*** Block opens ***

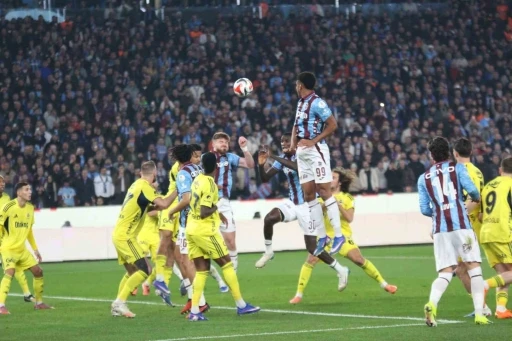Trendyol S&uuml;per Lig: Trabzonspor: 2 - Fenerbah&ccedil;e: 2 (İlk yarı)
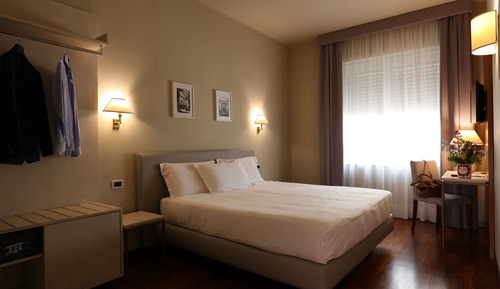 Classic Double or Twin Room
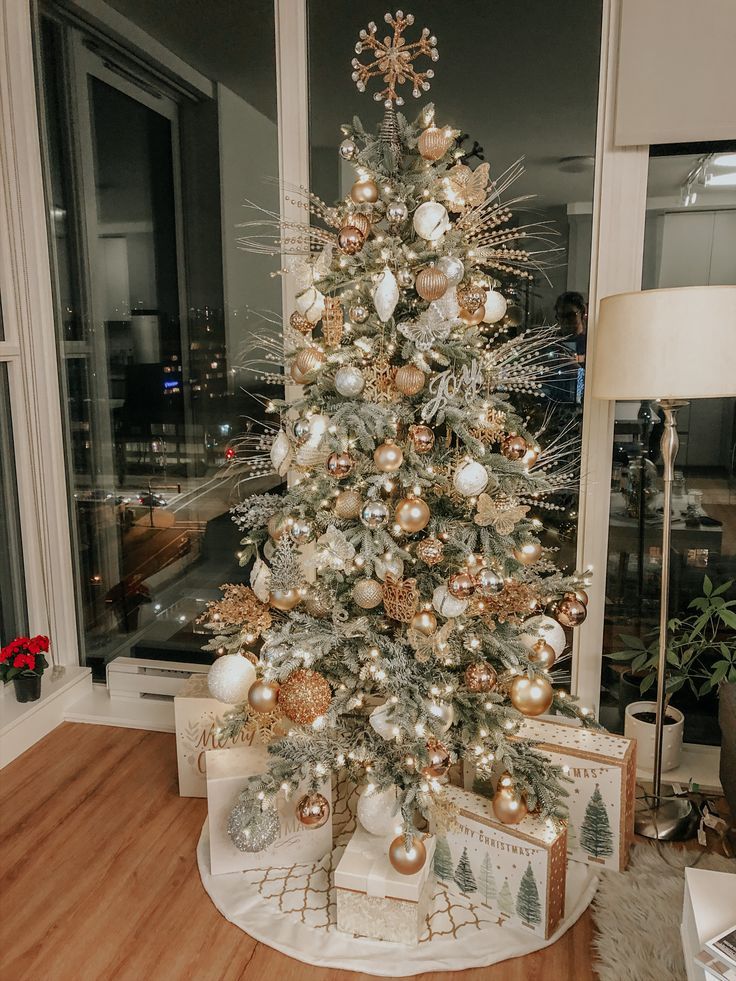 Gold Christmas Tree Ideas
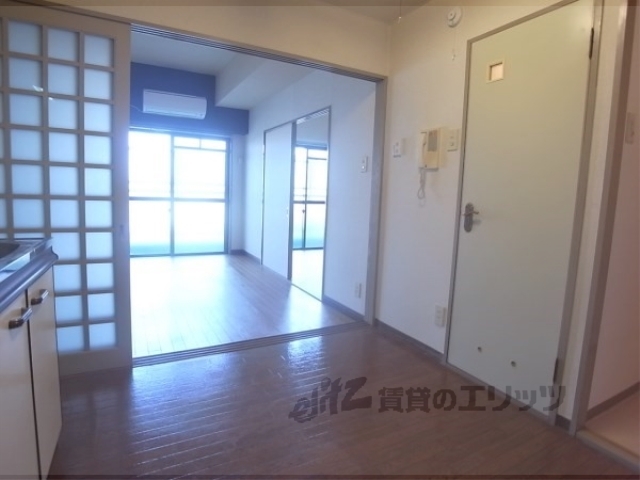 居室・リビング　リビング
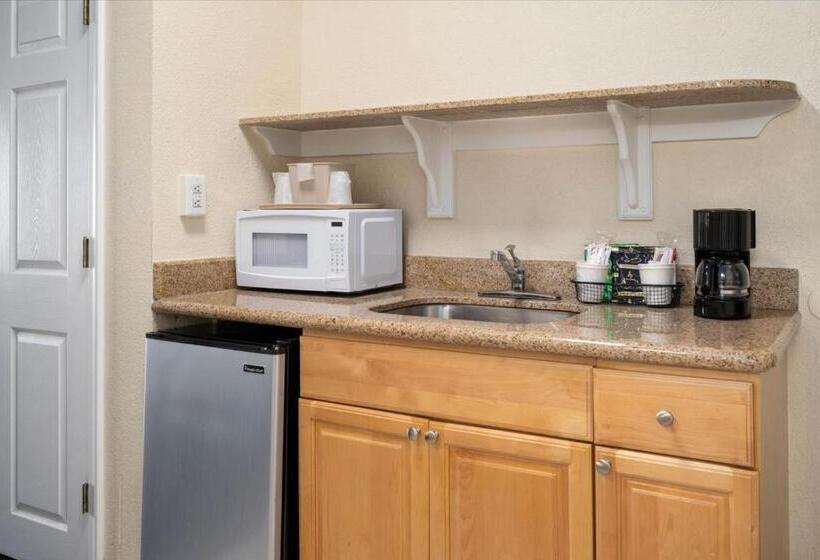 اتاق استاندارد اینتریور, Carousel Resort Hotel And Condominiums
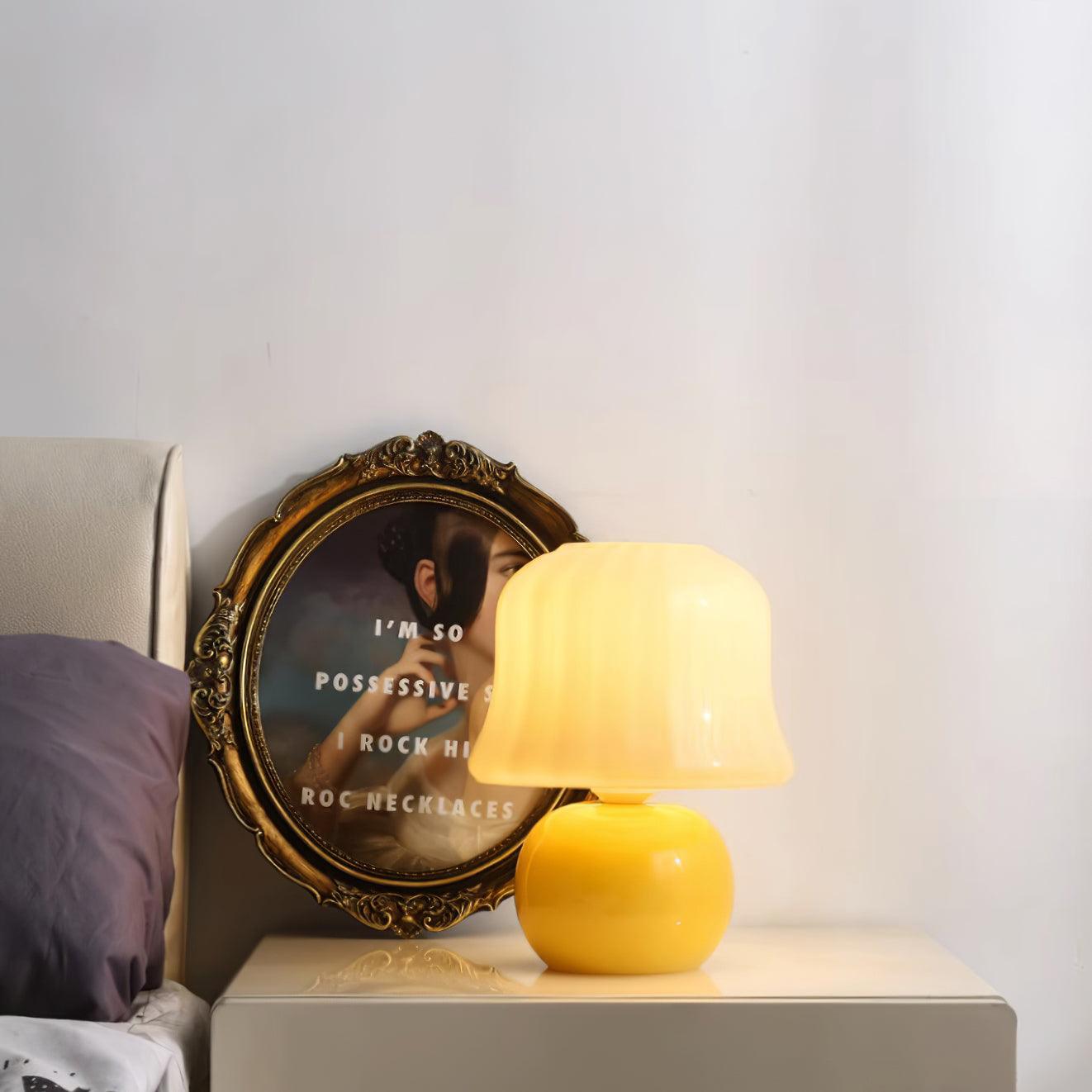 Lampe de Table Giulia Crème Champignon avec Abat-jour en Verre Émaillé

*** Block closes ***
*** Block opens ***

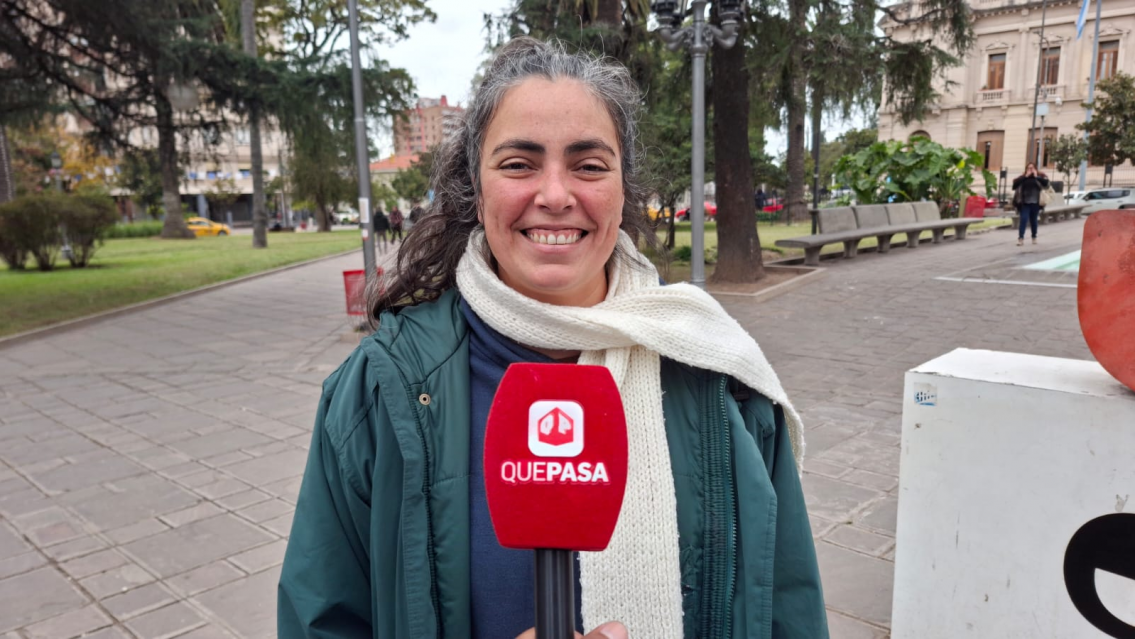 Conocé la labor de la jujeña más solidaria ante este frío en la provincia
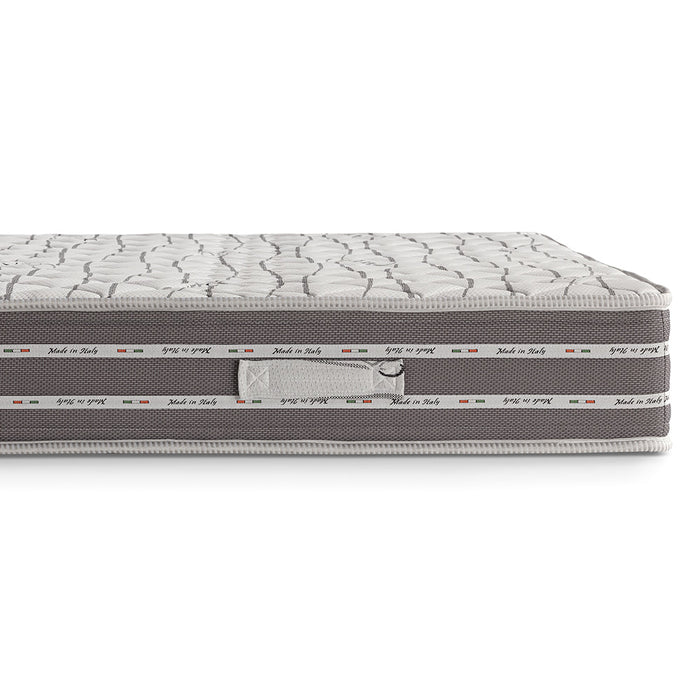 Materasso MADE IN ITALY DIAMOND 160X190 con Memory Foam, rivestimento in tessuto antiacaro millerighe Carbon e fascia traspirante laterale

*** Block closes ***

• [ASSIGNMENT]
Go to the line above that has "居室・リビング　リビング" and copy exactly from there down to the line that has "Lampe de Table", both included. Leave the pictures out.

• [TASK SOLUTION]
 居室・リビング　リビング
 اتاق استاندارد اینتریور, Carousel Resort Hotel And Condominiums
 Lampe de Table Giulia Crème Champignon avec Abat-jour en Verre Émaillé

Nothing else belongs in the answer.